Neurosciences : le cerveau apprend grâce à l’erreur
Neurosciences : le cerveau apprend grâce à l’erreur
Les dernières recherches en neurosciences ont montré que le cerveau apprend grâce à l’erreur. Quel est le rôle précis de l’erreur selon les neurosciences ?
Pour une vision positive de l’erreur
Dans le système éducatif français, se tromper est rarement vu de manière positive. L’élève qui se trompe, qui est dans l’erreur, est un “mauvais” élève. Le “bon” élève est au contraire celui qui ne se trompe pas. Cette conception négative de l’erreur va de pair avec une vision positive de la réussite. Chaque succès serait alors doublement signe de réussite, d’une part en tant que tel, et d‘autre part parce qu’il préparerait mieux pour les succès à venir.
Pourtant, le cerveau fait en permanence des prédictions. Ces prédictions sont issues d’hypothèses à propos de l’état du monde, lesquelles ont été progressivement affinées sur la base de précédentes observations et expériences.

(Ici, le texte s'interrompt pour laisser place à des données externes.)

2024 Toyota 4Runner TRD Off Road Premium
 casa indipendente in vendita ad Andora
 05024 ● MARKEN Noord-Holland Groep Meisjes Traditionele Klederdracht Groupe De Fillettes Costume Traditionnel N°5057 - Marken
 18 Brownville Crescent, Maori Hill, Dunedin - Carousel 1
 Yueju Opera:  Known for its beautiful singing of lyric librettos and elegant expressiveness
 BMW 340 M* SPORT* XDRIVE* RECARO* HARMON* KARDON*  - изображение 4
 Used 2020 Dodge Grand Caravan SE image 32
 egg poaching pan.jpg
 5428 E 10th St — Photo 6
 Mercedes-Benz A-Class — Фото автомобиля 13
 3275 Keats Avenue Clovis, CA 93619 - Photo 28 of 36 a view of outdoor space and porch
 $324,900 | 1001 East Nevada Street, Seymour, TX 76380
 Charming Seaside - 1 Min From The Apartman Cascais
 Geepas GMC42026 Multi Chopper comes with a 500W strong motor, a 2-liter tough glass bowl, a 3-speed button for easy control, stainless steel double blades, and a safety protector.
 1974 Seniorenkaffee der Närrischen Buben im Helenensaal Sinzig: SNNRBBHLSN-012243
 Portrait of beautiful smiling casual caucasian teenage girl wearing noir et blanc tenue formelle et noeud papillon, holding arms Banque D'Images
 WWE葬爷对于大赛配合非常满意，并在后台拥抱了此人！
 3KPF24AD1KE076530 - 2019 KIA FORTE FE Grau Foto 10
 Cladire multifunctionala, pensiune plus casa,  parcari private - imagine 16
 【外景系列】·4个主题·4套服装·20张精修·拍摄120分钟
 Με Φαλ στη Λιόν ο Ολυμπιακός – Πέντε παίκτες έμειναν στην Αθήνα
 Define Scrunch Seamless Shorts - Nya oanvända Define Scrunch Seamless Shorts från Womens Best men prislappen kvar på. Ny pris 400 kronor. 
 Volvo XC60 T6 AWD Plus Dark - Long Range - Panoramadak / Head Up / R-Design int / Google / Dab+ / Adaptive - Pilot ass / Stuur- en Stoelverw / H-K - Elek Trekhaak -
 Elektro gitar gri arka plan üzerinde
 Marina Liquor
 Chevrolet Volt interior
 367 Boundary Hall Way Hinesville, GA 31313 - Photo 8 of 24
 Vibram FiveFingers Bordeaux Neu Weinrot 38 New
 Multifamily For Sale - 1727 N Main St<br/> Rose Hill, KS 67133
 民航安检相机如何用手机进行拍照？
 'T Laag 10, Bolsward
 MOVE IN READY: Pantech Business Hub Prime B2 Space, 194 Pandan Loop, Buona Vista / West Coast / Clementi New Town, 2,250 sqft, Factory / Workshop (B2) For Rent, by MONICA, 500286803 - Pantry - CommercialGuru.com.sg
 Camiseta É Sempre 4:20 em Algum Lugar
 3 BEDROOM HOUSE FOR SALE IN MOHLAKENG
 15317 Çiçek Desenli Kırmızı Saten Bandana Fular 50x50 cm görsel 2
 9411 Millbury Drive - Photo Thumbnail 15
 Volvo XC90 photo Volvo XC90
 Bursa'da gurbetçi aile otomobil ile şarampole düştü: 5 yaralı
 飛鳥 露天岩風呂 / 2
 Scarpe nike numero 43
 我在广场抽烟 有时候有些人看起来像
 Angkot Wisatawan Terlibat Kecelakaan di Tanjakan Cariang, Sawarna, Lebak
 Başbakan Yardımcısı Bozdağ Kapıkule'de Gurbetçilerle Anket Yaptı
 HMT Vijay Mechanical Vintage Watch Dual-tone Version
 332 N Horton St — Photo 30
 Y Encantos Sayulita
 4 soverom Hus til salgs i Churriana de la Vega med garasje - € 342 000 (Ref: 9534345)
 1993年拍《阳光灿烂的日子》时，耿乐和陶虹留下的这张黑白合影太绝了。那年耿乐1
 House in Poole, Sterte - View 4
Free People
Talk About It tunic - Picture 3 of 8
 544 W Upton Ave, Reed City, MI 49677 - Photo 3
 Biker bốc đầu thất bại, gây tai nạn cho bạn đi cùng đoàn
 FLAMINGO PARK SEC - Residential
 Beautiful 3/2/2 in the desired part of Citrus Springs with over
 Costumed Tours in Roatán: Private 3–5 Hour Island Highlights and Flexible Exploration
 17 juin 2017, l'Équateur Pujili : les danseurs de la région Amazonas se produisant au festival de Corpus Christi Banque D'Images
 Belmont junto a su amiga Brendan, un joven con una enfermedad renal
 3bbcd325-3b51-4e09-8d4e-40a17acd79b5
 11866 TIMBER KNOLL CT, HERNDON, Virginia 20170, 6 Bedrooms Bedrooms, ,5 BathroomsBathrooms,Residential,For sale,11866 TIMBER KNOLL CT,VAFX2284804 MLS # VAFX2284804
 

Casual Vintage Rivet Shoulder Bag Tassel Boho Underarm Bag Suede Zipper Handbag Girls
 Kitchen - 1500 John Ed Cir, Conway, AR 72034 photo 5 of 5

La différence entre la prédiction et l’observation est un signal d’apprentissage et ouvre la porte à une actualisation qui permet accroître progressivement l’adéquation entre les prédictions et les observations qui proviennent de l’environnement.
L’erreur, un signal d’apprentissage dès le plus jeune âge chez les humains selon les neurosciences.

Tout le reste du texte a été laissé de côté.